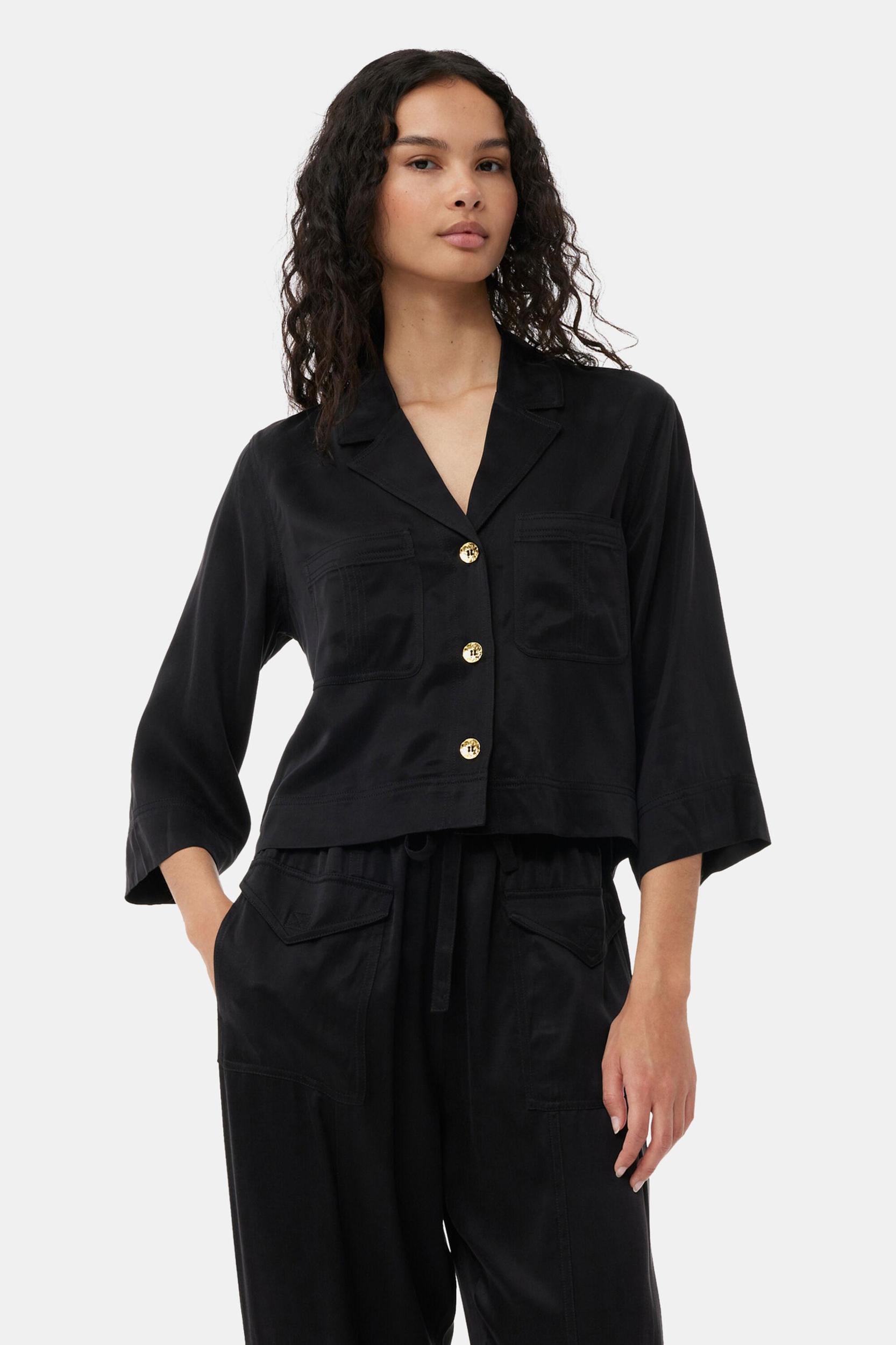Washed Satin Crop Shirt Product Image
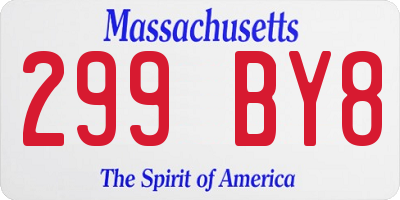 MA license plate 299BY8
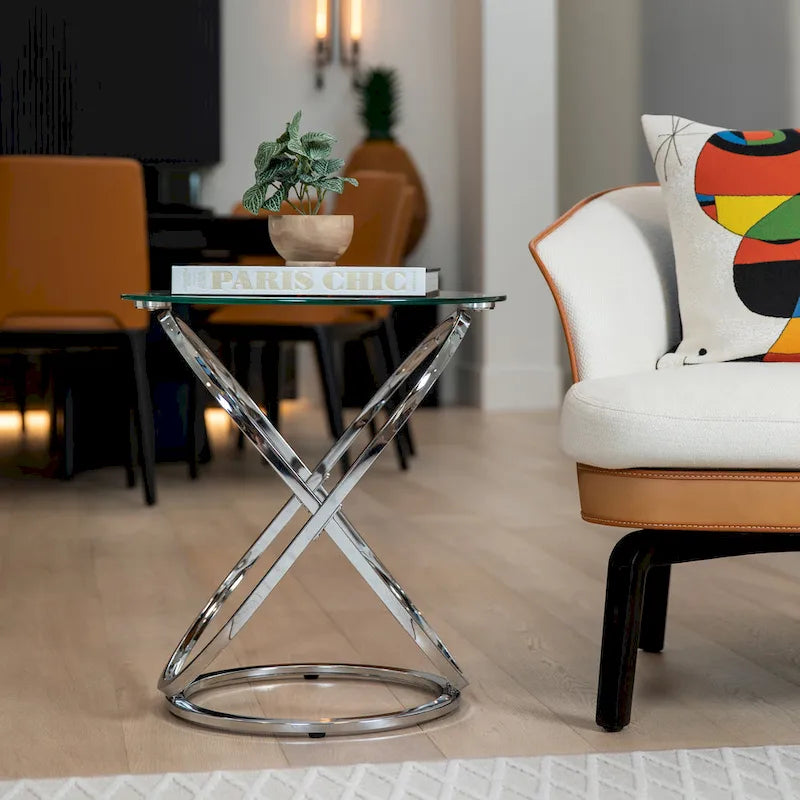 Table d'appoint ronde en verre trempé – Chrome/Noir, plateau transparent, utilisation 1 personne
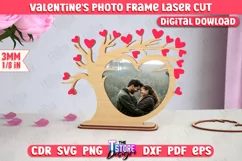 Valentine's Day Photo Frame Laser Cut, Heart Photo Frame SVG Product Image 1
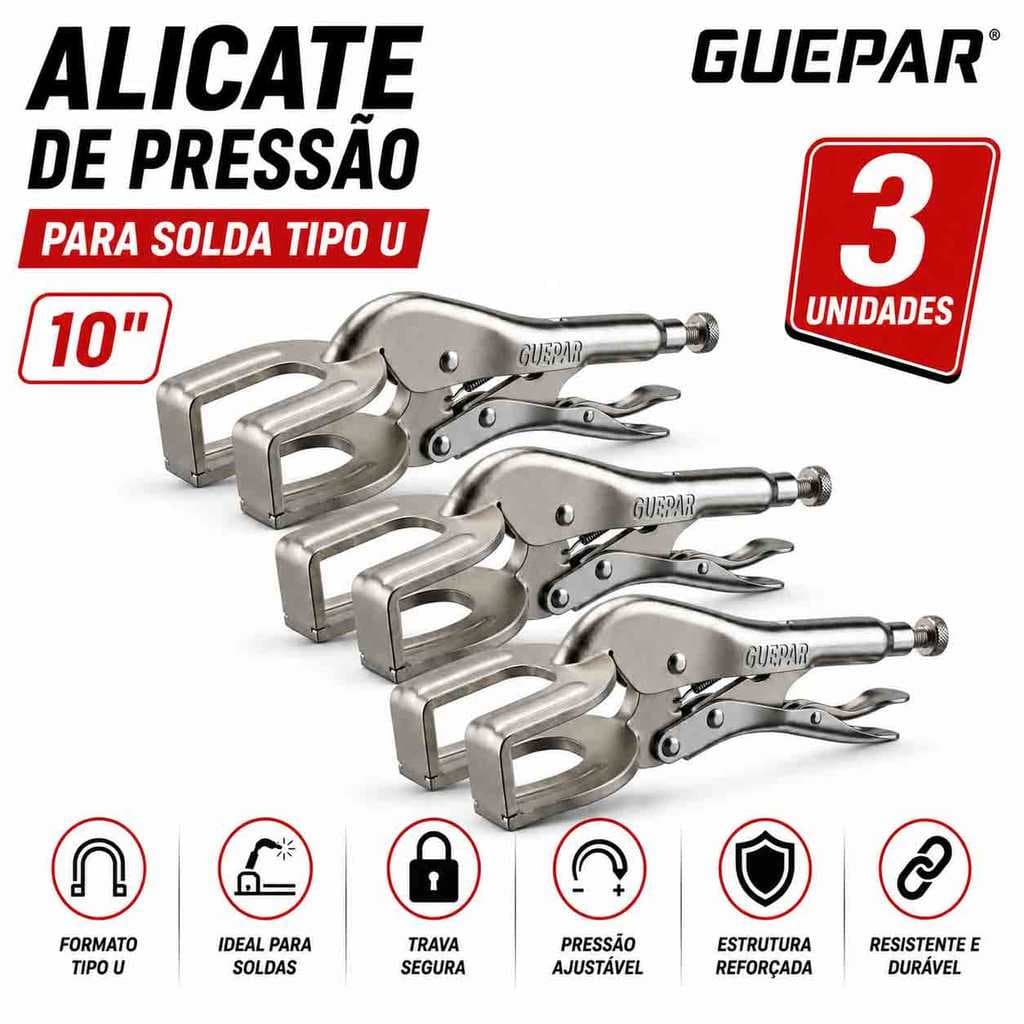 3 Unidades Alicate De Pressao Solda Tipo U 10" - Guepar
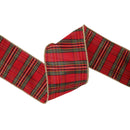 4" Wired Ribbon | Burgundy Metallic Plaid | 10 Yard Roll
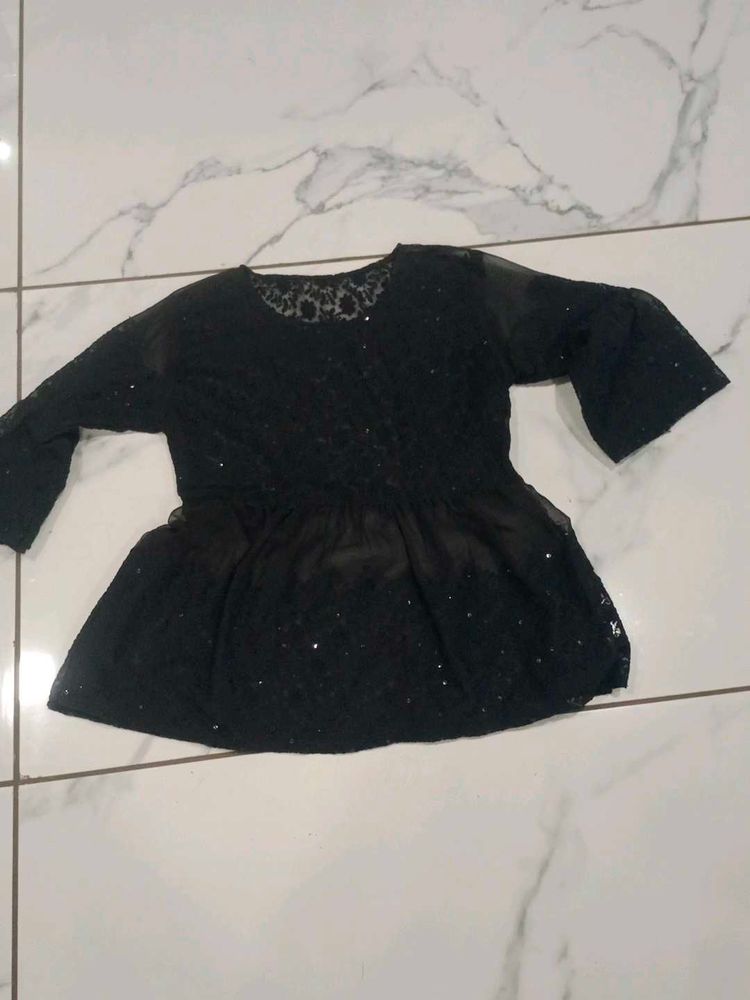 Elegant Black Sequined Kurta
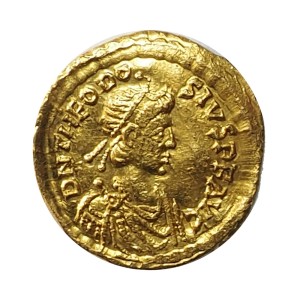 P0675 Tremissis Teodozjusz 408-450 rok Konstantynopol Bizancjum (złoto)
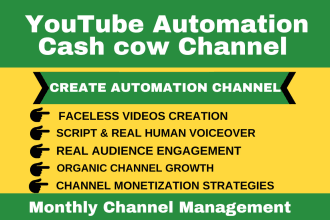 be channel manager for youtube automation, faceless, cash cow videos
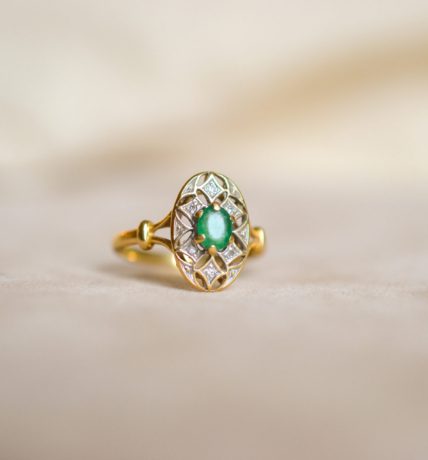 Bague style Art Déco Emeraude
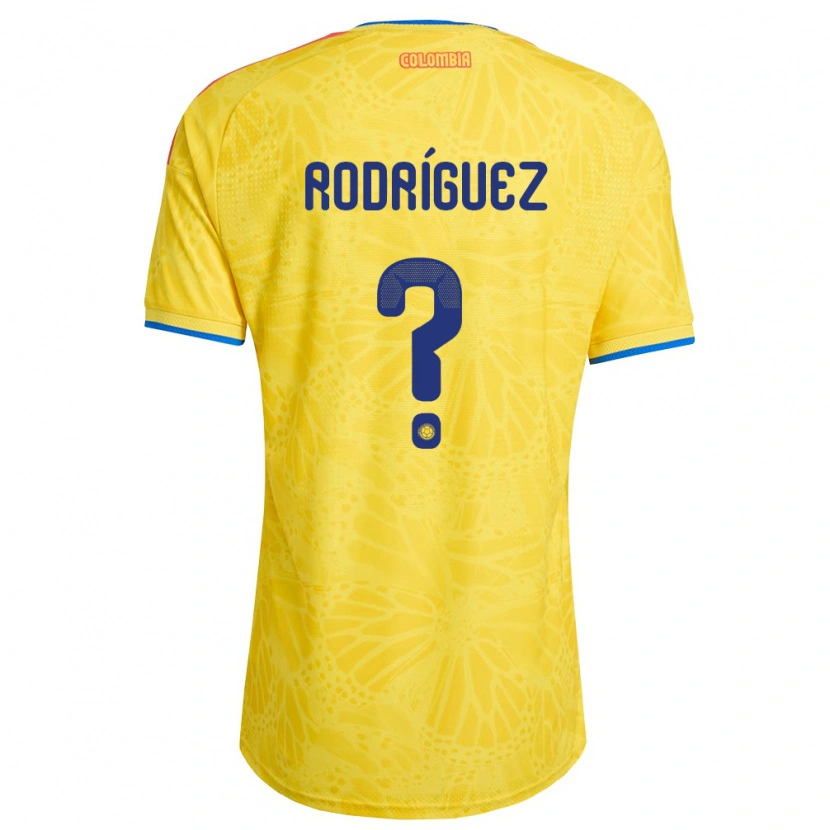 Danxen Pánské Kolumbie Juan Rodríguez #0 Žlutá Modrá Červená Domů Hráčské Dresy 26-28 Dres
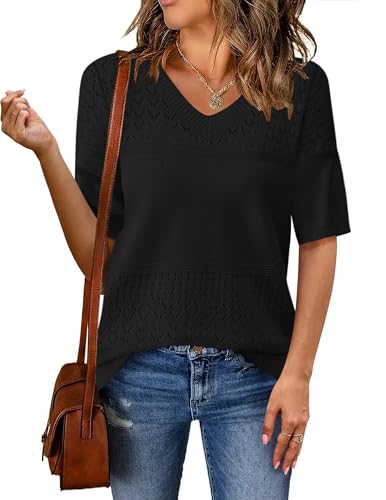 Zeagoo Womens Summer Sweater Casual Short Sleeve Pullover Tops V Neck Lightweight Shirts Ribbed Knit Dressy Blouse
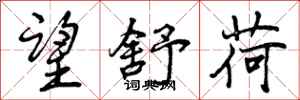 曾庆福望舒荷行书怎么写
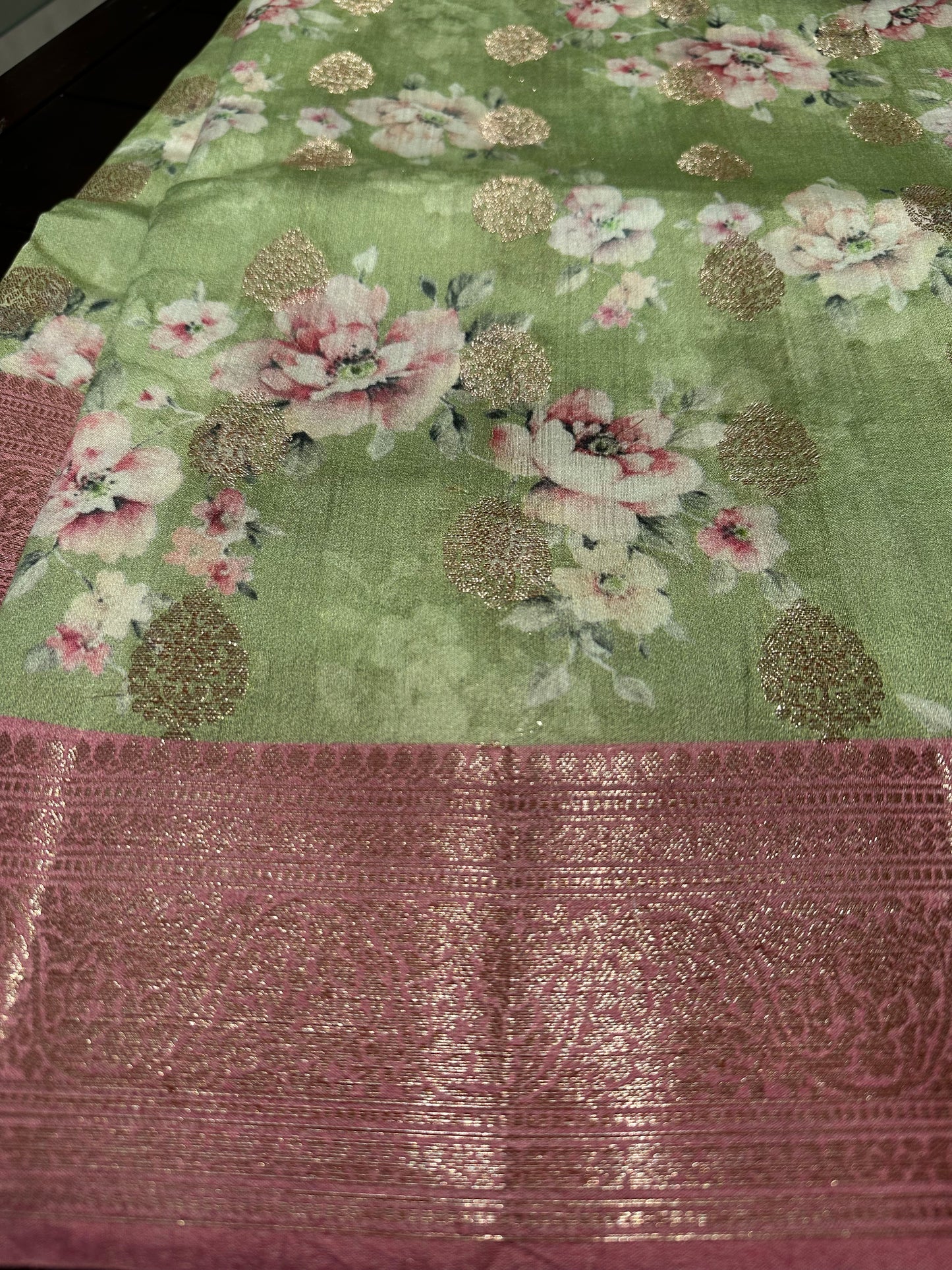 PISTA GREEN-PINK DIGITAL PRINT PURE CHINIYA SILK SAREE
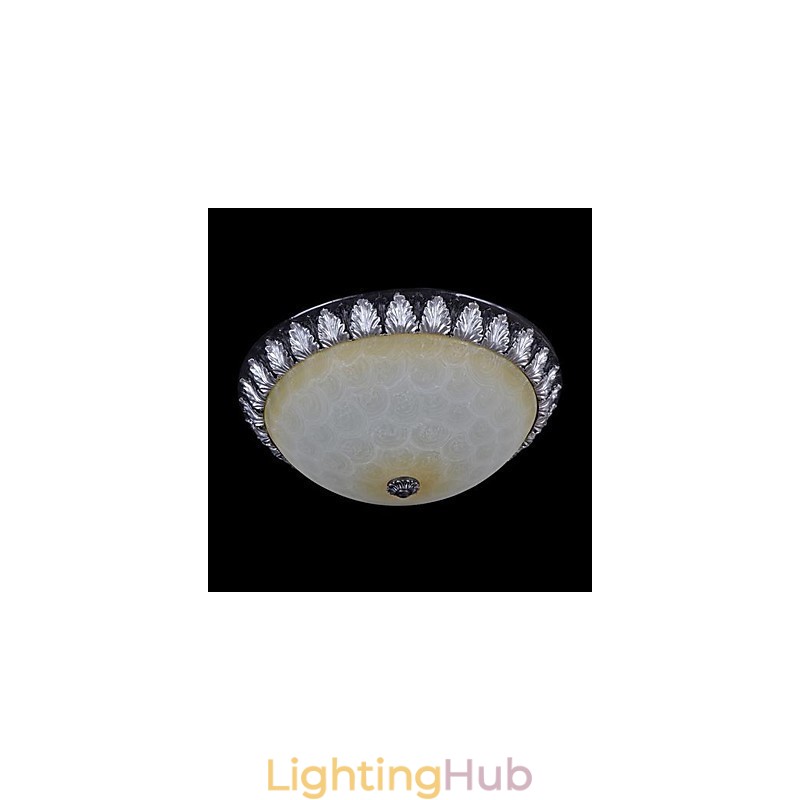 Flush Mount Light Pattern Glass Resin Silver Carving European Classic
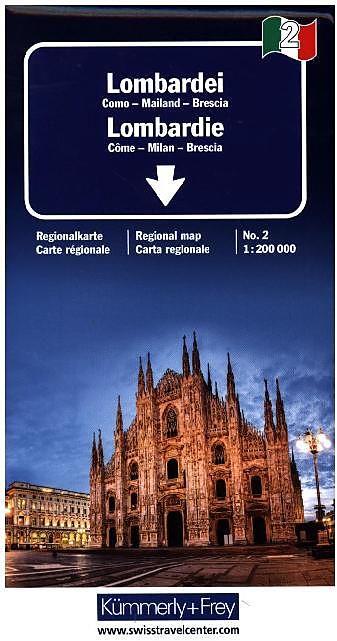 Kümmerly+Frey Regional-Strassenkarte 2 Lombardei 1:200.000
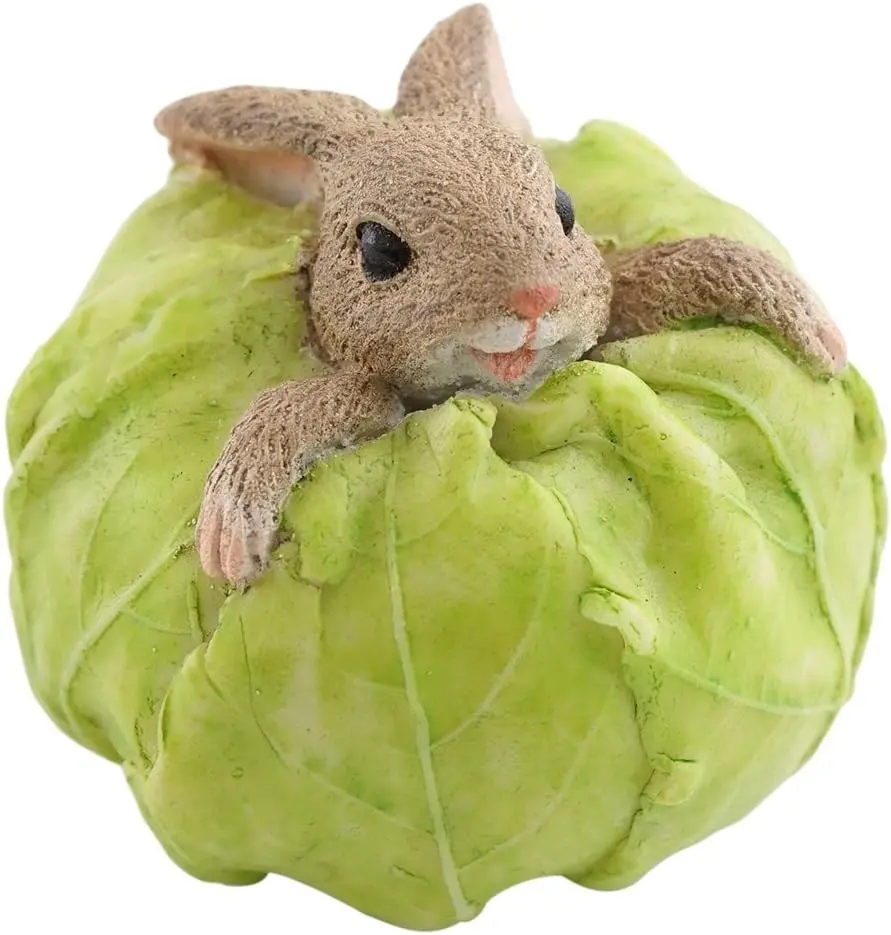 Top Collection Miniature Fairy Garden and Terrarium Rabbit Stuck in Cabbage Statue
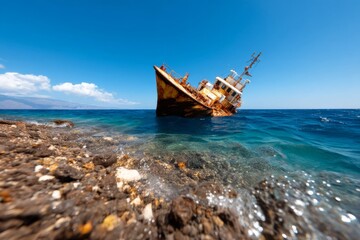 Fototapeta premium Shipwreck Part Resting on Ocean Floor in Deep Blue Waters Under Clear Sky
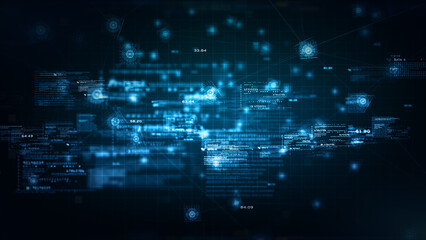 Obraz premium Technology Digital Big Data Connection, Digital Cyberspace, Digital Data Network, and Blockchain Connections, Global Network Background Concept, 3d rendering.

**ABOUT THIS TASK:**
Only the lines from the one containing "Zeagoo Womens Summer" through the last line of the entries above should be copied, exactly as they are and without the pictures.

**RESPONSE BOX:**
 Zeagoo Womens Summer Sweater Casual Short Sleeve Pullover Tops V Neck Lightweight Shirts Ribbed Knit Dressy Blouse
 曾庆福望舒荷行书怎么写
 PISTA GREEN-PINK DIGITAL PRINT PURE CHINIYA SILK SAREE
 Flush Mount Light Pattern Glass Resin Silver Carving European Classic
 Kümmerly+Frey Regional-Strassenkarte 2 Lombardei 1:200.000
 Top Collection Miniature Fairy Garden and Terrarium Rabbit Stuck in Cabbage Statue
 Fototapeta premium Shipwreck Part Resting on Ocean Floor in Deep Blue Waters Under Clear Sky
 Obraz premium Technology Digital Big Data Connection, Digital Cyberspace, Digital Data Network, and Blockchain Connections, Global Network Background Concept, 3d rendering.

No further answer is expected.